» **EXERCISE REQUIREMENTS**
Look through the listing below for the line with "Side view of" and the line with "Framed bathtub cocktail". Copy both, along with every line between them, exactly and with no pictures.

+++ ENTRIES SHOWN

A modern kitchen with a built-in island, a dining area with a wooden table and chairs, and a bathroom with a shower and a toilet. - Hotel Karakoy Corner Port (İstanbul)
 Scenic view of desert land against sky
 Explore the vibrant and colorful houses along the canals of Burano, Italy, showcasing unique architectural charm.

++++++
+++ ENTRIES SHOWN

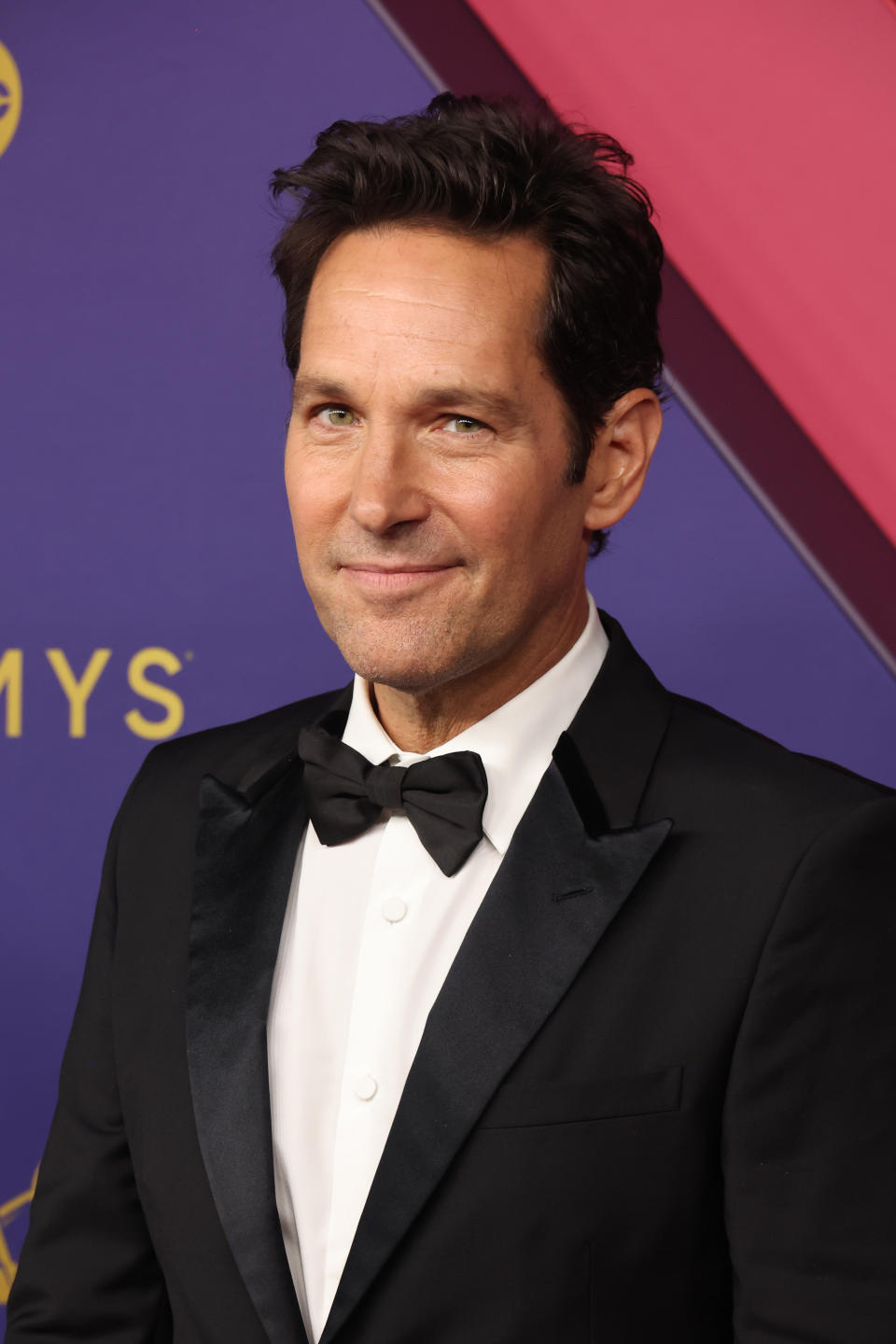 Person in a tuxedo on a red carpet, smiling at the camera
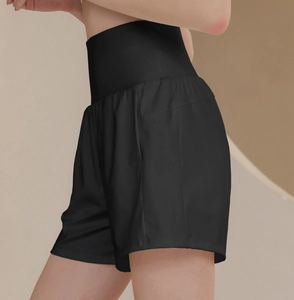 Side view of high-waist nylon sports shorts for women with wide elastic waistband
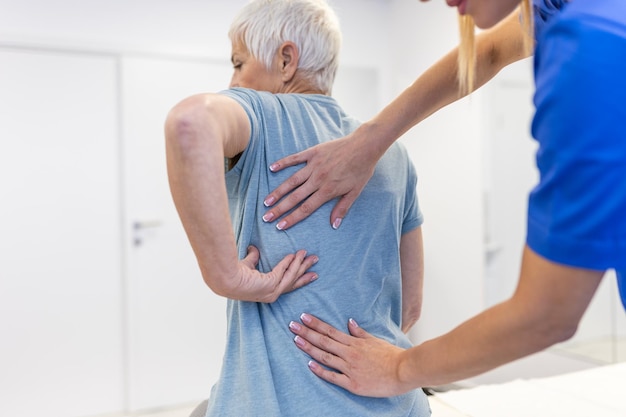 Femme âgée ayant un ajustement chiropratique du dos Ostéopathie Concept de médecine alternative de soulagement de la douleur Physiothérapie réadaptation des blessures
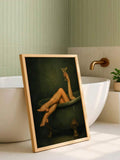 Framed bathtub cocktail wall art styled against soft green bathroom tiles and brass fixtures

++++++

» **ANSWER TO THE EXERCISE**
 Side view of high-waist nylon sports shorts for women with wide elastic waistband
 Femme âgée ayant un ajustement chiropratique du dos Ostéopathie Concept de médecine alternative de soulagement de la douleur Physiothérapie réadaptation des blessures
 Framed bathtub cocktail wall art styled against soft green bathroom tiles and brass fixtures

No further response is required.